Now the same cache backed by ETS:

defmodule FastCache do
  use GenServer

  @table :fast_cache

  def start_link(_), do: GenServer.start_link(__MODULE__, nil, name: __MODULE__)

  def get(key) do
    case :ets.lookup(@table, key) do
      [{^key, value}] -> {:ok, value}
      [] -> :error
    end
  end

  def put(key, val), do: GenServer.cast(__MODULE__, {:put, key, val})

  @impl true
  def init(_) do
    :ets.new(@table, [:set, :public, :named_table,
                      read_concurrency: true, write_concurrency: true])
    {:ok, nil}
  end

  @impl true
  def handle_cast({:put, key, val}, state) do
    :ets.insert(@table, {key, val})
    {:noreply, state}
  end
end

Two things changed. First, get/1 no longer talks to the GenServer at all. It reads directly from ETS in the caller's process. A thousand processes can call get/1 in parallel and no one waits. Second, the GenServer still exists — it owns the table and handles writes. Writes funnel through one process for ordering and consistency, but reads do not. The GenServer's mailbox is only ever busy with writes, which are typically much rarer than reads.

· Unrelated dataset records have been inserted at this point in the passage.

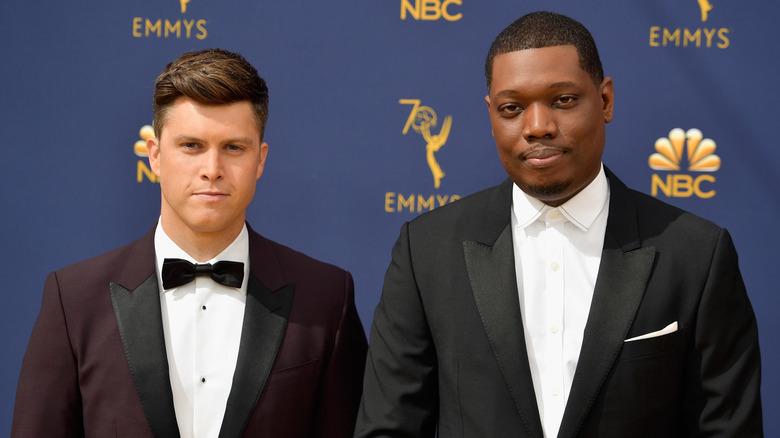 Colin Jost Michael Che posing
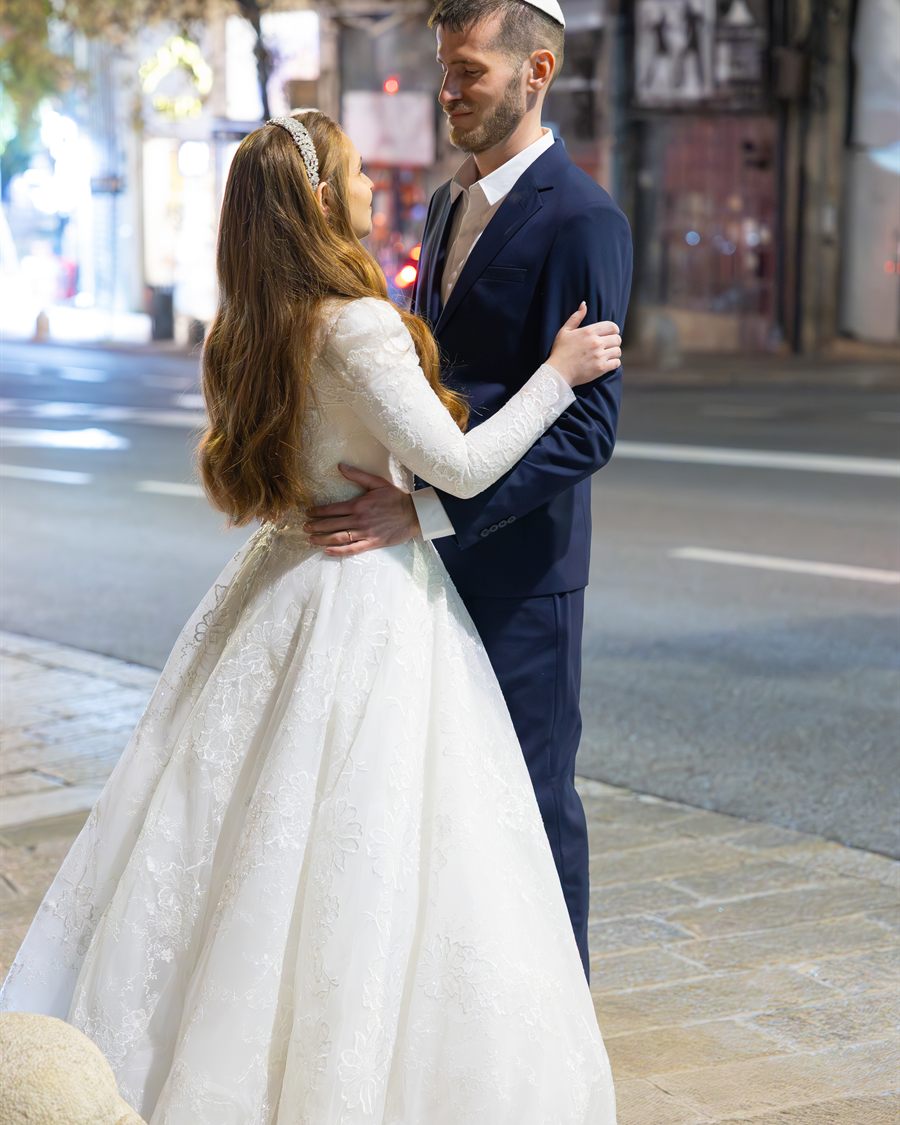 Wedding couple sharing a quiet portrait in the city.
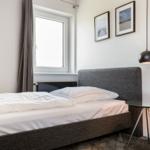 Schlafzimmer mit Bett, Fenster, Bildern und Tisch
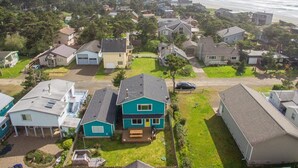 A residential area with houses, a beach, and a hill in the background. - Aoy Matey · Cute family home, close to beach, fenced yard (Cloverdale)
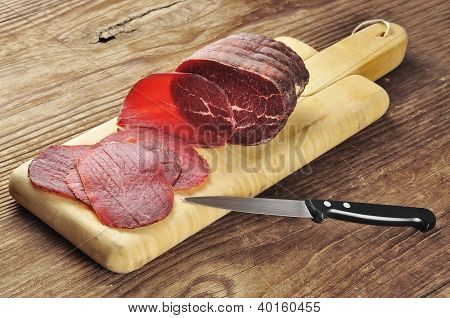 Sliced Bresaola On A Cutting Board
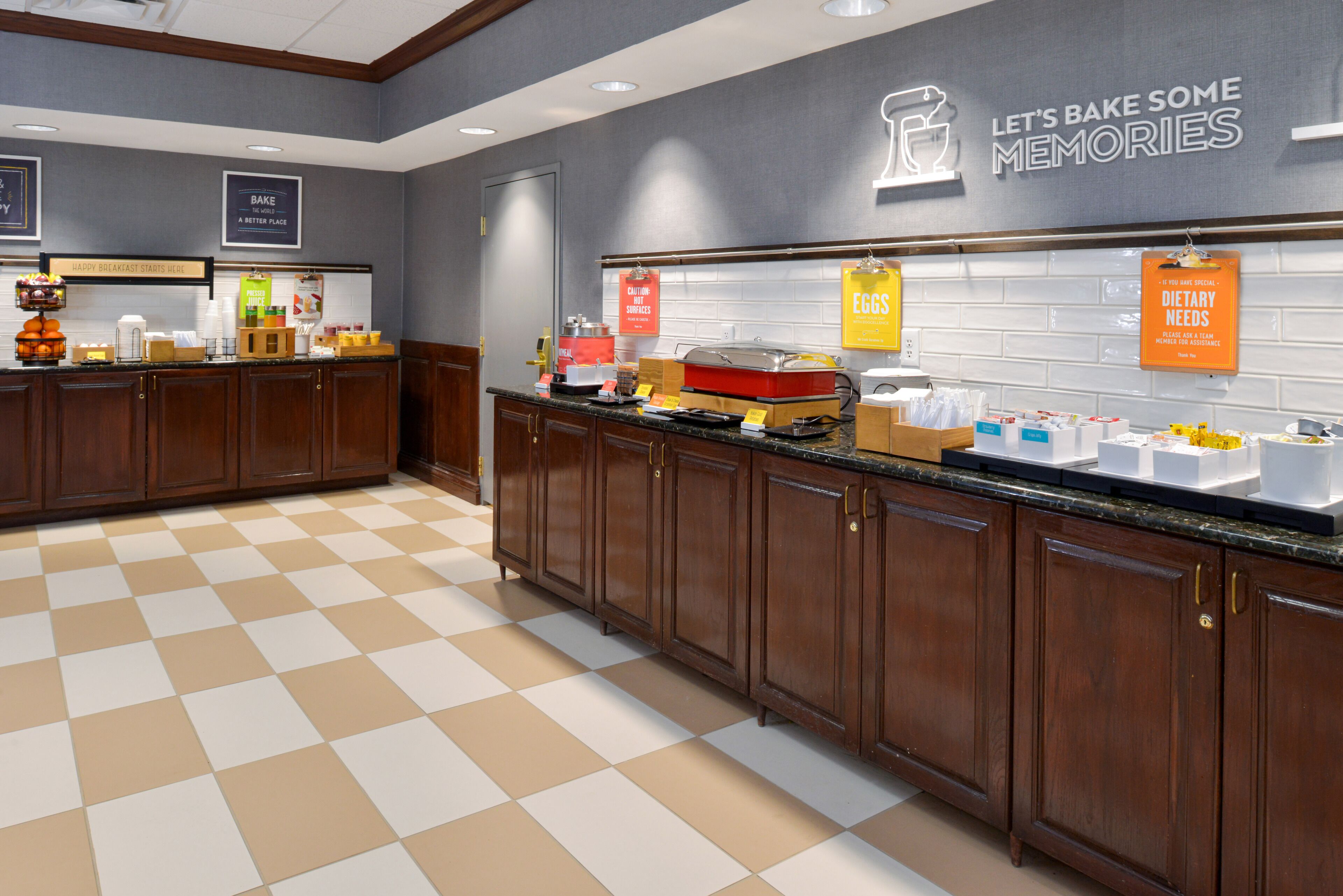 A kitchen area with wooden cabinets, a checkered floor, and various food items displayed on the counter.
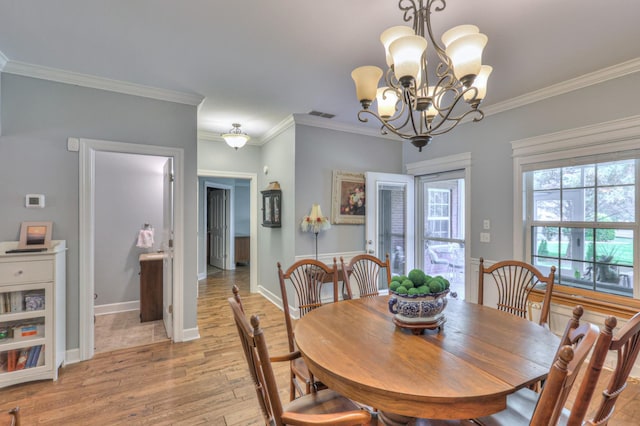 236 Danoher Walk, Murfreesboro, TN 37128 - dining area featuring light wood-style floors, ornamental molding, a chandelier, and baseboards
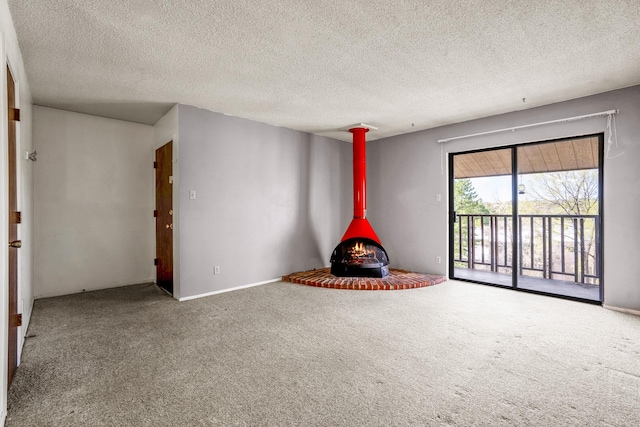 unfurnished living room featuring carpet floors, a wood stove, a textured ceiling, and baseboards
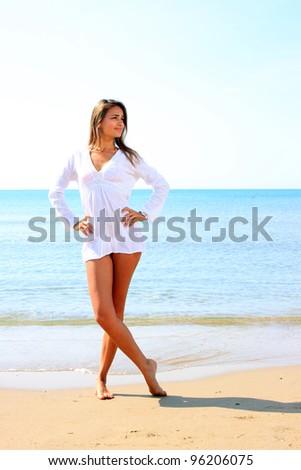 beautiful young latino woman wearing a white shirt portrait on beach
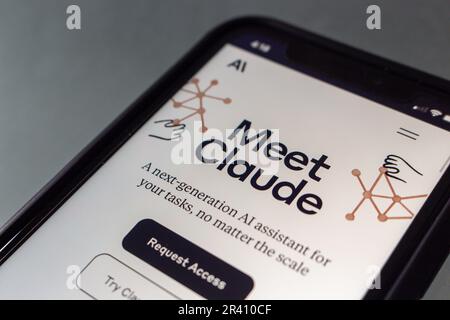 Website of Claude seen in an iPhone screen. Claude AI is a ChatGPT like next-gen AI chatbot assistant produced by AI-driven startup Anthropic. Stock Photo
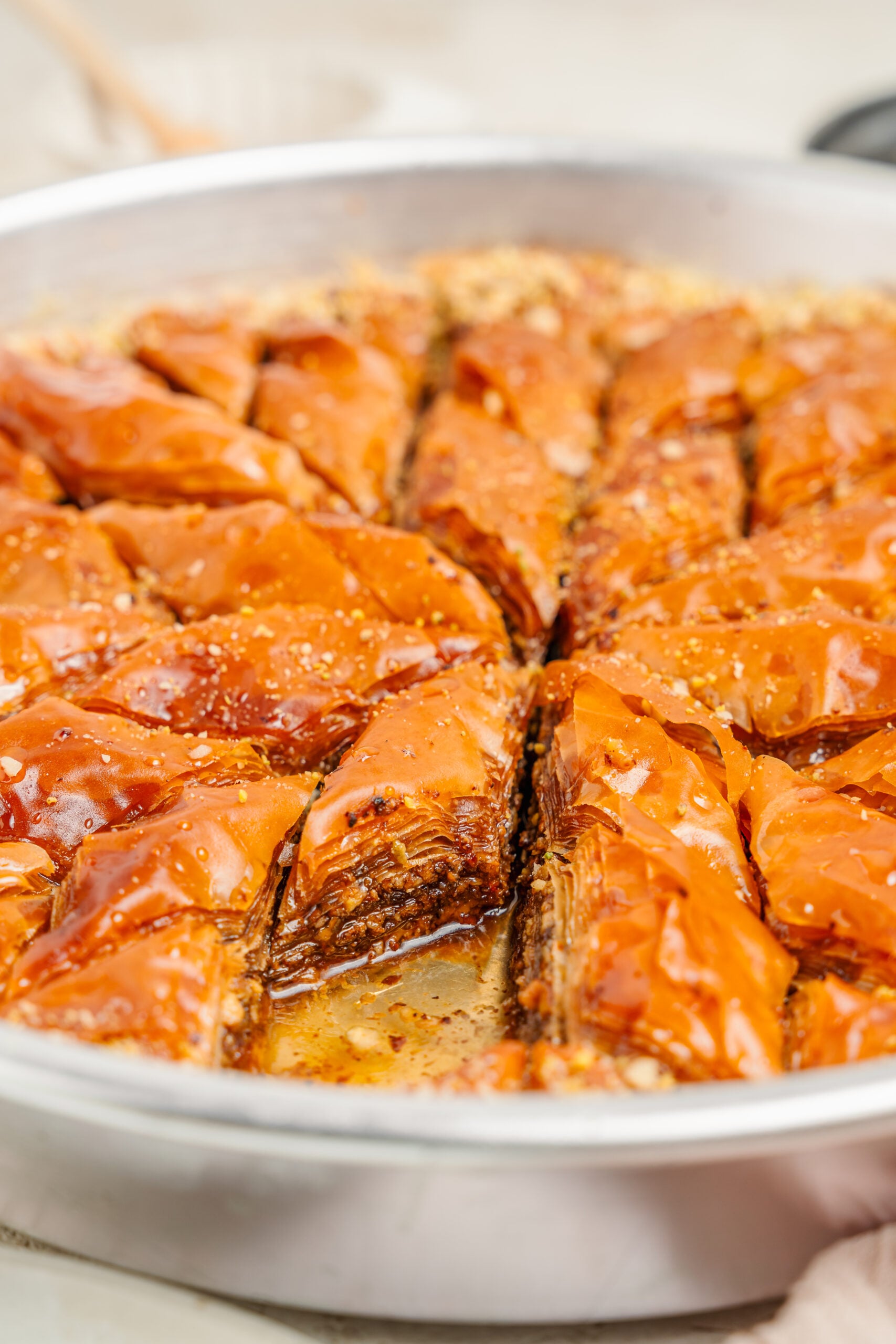 Lifting a piece of pistachio baklava - Catherine Zhang A piece of pistachio baklava lifted away from the tray showing syrup soaked layers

This is the canonical ETS-with-GenServer pattern, and you will see it in production library after production library:

  • Phoenix.Endpoint stores its compiled configuration in ETS. The endpoint process owns the table; every request reads from it without involving the endpoint at all.
  • Plug.Session.ETS is exactly this shape — a session store where the writes go through a single process and the per-request reads hit ETS directly.
  • Cachex and ConCache are full libraries built around this pattern, with eviction, TTLs, and lock-striping layered on top.
  • Phoenix.PubSub with the ETS adapter uses tables to track local subscriptions, with broadcast happening from any process.

The reason these libraries exist is that the pattern, while simple, has enough sharp edges (TTL, eviction, hot keys, ownership inheritance) that you do not want to rebuild it every time.

When to Keep State in the GenServer

ETS is not always better. Several situations call for keeping state in the GenServer:

You need atomic multi-key updates. The classic example: move a value from one bucket to another. In a GenServer, this is one function call. In ETS, you have a read, a delete, an insert — and another process can observe an intermediate state where the value is in neither bucket. ETS only gives you atomicity per-key, via update_counter and update_element.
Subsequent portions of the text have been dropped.